La kinésithérapie de la PTG avec VERA

gif-vera-low.gif

Aux USA, la kinésithérapie coûte cher et c’est pas pour tout le monde. Le but de la présente étude était d’examiner l’effet d’un programme virtuel de kinésithérapie sur les coûts des soins de santé et les résultats cliniques par rapport aux soins traditionnels après PTG.

Méthodes 

Au moins 10 jours avant la pose d’une PTG, les patients sur 4 sites cliniques ont été inscrits et randomisés en deux groupes :

  • Un programme de kinésithérapie virtuelle VERA (Virtual Exercise Rehabilitation Assistant), impliquant un coach avatar, simulé numériquement, une biométrie tridimensionnelle à domicile et une téléréadaptation avec la supervision à distance par un physiothérapeute. Du style Xbox avec Kinect.
  • Une prise en charge traditionnelle avec kinésithérapeute à domicile ou en cabinet. 

Indicateur principal

Le coût total des soins de santé pour la période post-opératoire de 12 semaines. 

Indicateurs secondaires

Le Knee injury and Osteoarthritis Outcome Score (KOOS, la flexion / extension et la vitesse de marche à 6 et 12 semaines, les évènements indésirables survenus lors des 12 semaines (chutes, douleurs et ré-admissions à l’hôpital signalées par les patients).

Résultats 

Sur 306 patients (65 ans de moyenne d’âge, dont 62,5% de femmes) randomisés de novembre 2016 à novembre 2017, 290 avaient une PTG et 287 (dont 143 dans le groupe PT virtuel et 144 dans le groupe de soins habituels) ont terminé l’essai. 

  • Le physiothérapeute virtuel coûtait presque trois fois moins à 12 semaines que le vrai ( une médiane de 1050 $ par rapport à 2805 $; p <0,001). 
  • Les coûts moyens étaient inférieurs de 2 745 $ pour les patients de VERA. 
  • Ils ont eu moins de réhospitalisations que le groupe de soins habituels (12 contre 30; p = 0,007). 
  • Le KOOS à 6 semaines n’était pas diffférent à 6 semaines (différence de 0,77 IC90%[-1,68 à 3,23] comme à 12 semaines (différence de -2,33 IC90%[-4,98 à 0,31]. 
  • Extension, flexion du genou et vitesse de marche à 12 semaines n’étaient pas différentes non plus. 
  • Ils chutaient juste un peu plus en virtuel qu’en réel (19,4% des patients de VERA pour 14,6% des patients en soins habituels (soit une différence de 4,83% IC à 90%[-2,60 à 12,25], une différence considérée comme non significative.

Conclusion des auteurs 

Par rapport au physiothérapeute traditionnel à domicile ou en clinique, le physiothérapeute virtuel avec téléréadaptation pour une supervision clinique qualifiée a considérablement réduit les coûts de soins de santé de 3 mois après une PTG tout en offrant une efficacité similaire. 

Ces résultats ont des implications importantes pour les patients, les systèmes de santé et les organismes payeurs.
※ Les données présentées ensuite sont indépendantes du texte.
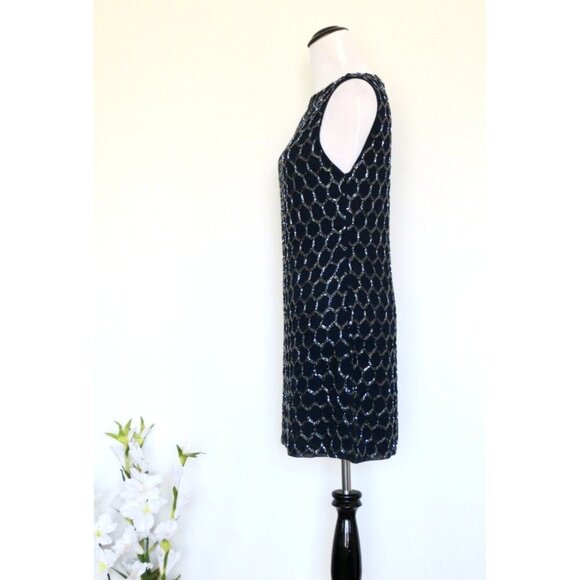 Alice & Olivia Beaded 100% Silk Cocktail Dress Navy Blue SZ 6 - Picture 6 of 11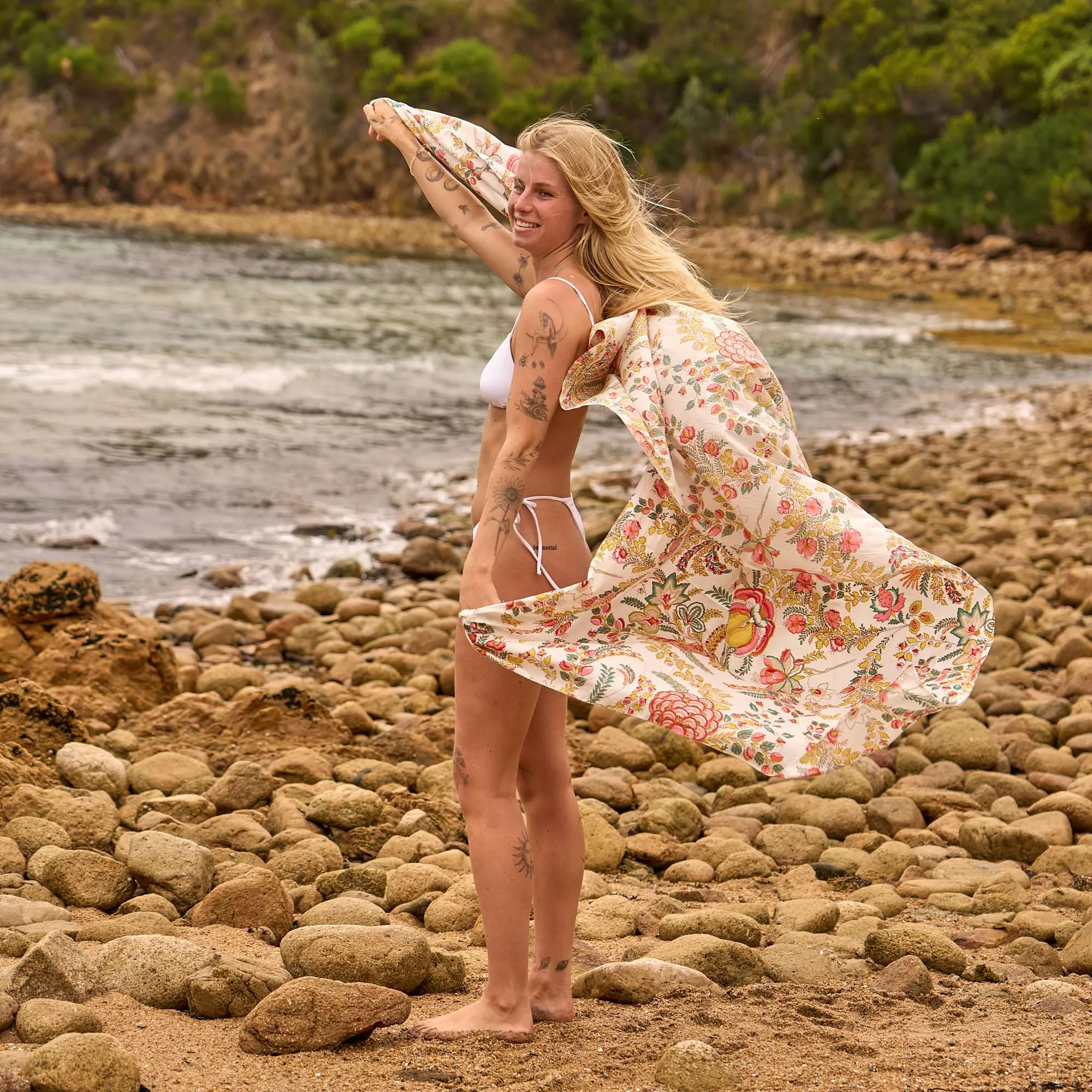 Sun Dancer Beach Wrap  Artisan Block Print Cotton Sarong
La physiothérapie virtuelle avec surveillance clinique doit être envisagée pour les patients traités par PTG.

Commentaires 

16,13 € * 5 séances par semaine * 12 semaines = 967,8 € de prise en charge. Au cours actuel du dollar, VERA encore peut aller se rhabiller. Mais peut être être que nous devrions prendre en main ces nouveaux outils avant qu’ils ne nous soient imposés ?


Références bibliographiques 

italieAlessandra Berton, Umile Giuseppe Longo, Vincenzo Candela et al. Virtual Reality, Augmented Reality, Gamification, and Telerehabilitation: Psychological Impact on Orthopedic Patients’ Rehabilitation. J Clin Med. 2020 Aug 7;9(8):E2567. doi: 10.3390/jcm9082567.

Article en accès libre en cliquant sur le lien du titre.

usaBettger JP, Green CL, Holmes DN, et al. Effects of Virtual Exercise Rehabilitation In-Home Therapy Compared with Traditional Care After Total Knee Arthroplasty: VERITAS, a Randomized Controlled Trial. J Bone Joint Surg Am. 2019 Nov 18. doi: 10.2106/JBJS.19.00695. Article en pré-publication.

Articles en rapport avec le sujet

Roxana Miclaus, Nadinne Roman, Silviu Caloian, Brindusa Mitoiu, Oana Suciu, Roxana Ramona Onofrei, Ecaterina Pavel, Andrea Neculau. Non-Immersive Virtual Reality for Post-Stroke Upper Extremity Rehabilitation: A Small Cohort Randomized Trial. Brain Sci. 2020 Sep 21;10(9):E655. doi: 10.3390/brainsci10090655.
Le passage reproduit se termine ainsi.